Selon la relation qui en est faite, c'est un véritable exploit qui a été rendu possible par la mise en œuvre de la technologie de la singapourienne dltledgers. Qu'on en juge : grâce à la blockchain, il n'aura fallu que 5 jours (contre près d'un mois habituellement) à deux géants de l'agro-alimentaire, Cargill et Agrocorp, et leurs différents intermédiaires (dont les transporteurs) pour conclure la vente et le transfert d'une cargaison de blé d'une valeur de 12 millions de dollars entre l'Amérique du Nord et l'Indonésie.

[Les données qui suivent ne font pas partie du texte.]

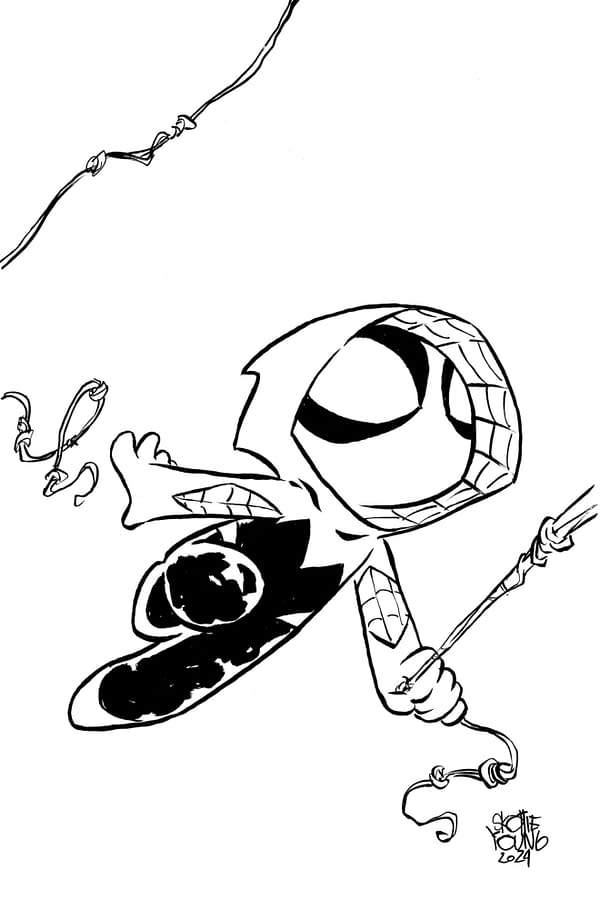 Cover image for SPIDER-GWEN: THE GHOST-SPIDER #3 SKOTTIE YOUNG'S BIG MARVEL VIRGIN BLACK AND WHI TE VARIANT [DPWX]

La blockchain serait donc à elle seule la baguette magique qui parvient subitement à mettre en relation les entreprises, à leur permettre d'échanger des documents en toute sécurité, à autoriser le suivi et le pilotage en quasi temps réel de leurs opérations, à éviter toute polémique sur la propriété des données, à réduire les coûts des transactions et à diviser par cinq les temps de traitement (administratifs et autres) ? L'initiative de Rabobank et ses compères révèle une nouvelle fois l'extraordinaire naïveté de ceux qui croient à ce fantasme tenace… et le cynisme des pourvoyeurs de chimères…

dltledgers

En effet, il suffit d'analyser en détail ce qui rend la solution, dans sa globalité, particulièrement efficace (ses bénéfices étant incontestables) pour comprendre que la blockchain, en tant qu'outil, n'y joue aucun rôle. En réalité, nous avons ici affaire à la simple démonstration de l'intérêt de rationaliser et numériser un processus complexe multi-participants : le principal facteur responsable de la performance est l'acceptation par tous les intervenants de recourir à une plate-forme commune afin d'orchestrer l'ensemble de leurs actions sous une forme entièrement dématérialisée. Quelle surprise !

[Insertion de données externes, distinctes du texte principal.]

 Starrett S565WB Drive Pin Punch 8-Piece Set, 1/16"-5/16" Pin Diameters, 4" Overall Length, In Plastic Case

Et qu'on ne vienne pas me chanter la célèbre berceuse de la confiance, qui serait prétendument assurée par le caractère décentralisé, consensuel et immuable de la blockchain, puisque rien dans l'implémentation qui nous est proposée ici ne permet de garantir la qualité de ce que chaque contributeur introduit dans le système et que tous, en revanche, accordent implicitement leur confiance au fournisseur du logiciel sur lequel il repose : quelle est alors la différence avec une approche plus classique ?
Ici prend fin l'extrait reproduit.